It looks to me that the original code tried to minimize the number of divisions (and modulo's). This might have been because of the likes of, say, "ARMv7-A implementation that does not include the Virtualization Extensions" having SDIV and UDIV as optional in the profile and ARMv7-R only requiring such instructions for Thumb, not ARM. (Just examples, I've no general knowledge of the range of platform's status for such.)

Yes, but by doing a bunch of if's, which in turn kill performance, when the branch misses.

Try to compile the new code and look at the assembly.
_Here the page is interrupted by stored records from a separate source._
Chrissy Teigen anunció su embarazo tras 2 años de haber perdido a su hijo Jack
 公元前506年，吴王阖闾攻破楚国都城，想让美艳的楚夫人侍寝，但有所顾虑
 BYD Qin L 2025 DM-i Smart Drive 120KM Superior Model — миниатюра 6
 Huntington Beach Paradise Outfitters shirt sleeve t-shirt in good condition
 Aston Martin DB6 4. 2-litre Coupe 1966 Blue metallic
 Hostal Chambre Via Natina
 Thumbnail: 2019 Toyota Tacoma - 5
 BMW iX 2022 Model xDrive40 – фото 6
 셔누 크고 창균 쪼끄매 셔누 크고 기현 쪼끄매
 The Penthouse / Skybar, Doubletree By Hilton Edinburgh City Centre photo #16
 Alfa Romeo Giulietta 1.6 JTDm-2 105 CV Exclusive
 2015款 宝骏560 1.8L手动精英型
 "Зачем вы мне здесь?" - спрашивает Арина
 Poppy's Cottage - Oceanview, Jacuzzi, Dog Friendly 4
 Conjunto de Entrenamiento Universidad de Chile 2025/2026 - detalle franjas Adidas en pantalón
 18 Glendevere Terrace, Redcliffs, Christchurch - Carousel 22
I also wonder if factor or divisor or the like is intended to ever allowed to be negative in the use of %. (Some routines have signed types involved.) Checking C's language requirements for negatives involved in % operations could be important otherwise: If there is C implementation freedom, that could lead to variability in the results.

Looks like C89 was the last with "implementation defined" for / and % involving negative integers. After that: 7/3==2; 7%3==1; -7/3==-2; -7%3==-1; 7/-3==-2; 7/-3==1; -7/-3==2; -7%-3==-1. So / truncates towards zero and a%b==a-(a/b)*b when a/b is representable. Notably -7%3!=7%-3 and 7%3!=-7%-3 .

The divisor and modulus is always positive, but the result may be negative for signed operation, if the input value is negative, in my code.

Try to compile the new code and look at the assembly.

You mean the calls for armv7 when I compile a copy your test program (and a locally patched time.h copy as ./time.h and the #include adjusted)? :

. . .
<main+0x50> bl 000209b0 <__aeabi_uldivmod>
. . .
<main+0x90> bl 000209b0 <__aeabi_uldivmod>
. . .
<main+0x124> bl        000209b0 <__aeabi_uldivmod>
. . .
<main+0x154> bl        000209b0 <__aeabi_uldivmod>
. . .
<main+0x1f0> bl        000209b0 <__aeabi_uldivmod>
. . .
<main+0x220> bl        000209b0 <__aeabi_uldivmod>
. . .

FYI: Using the system's normal time.h shows 3 such calls, not 6.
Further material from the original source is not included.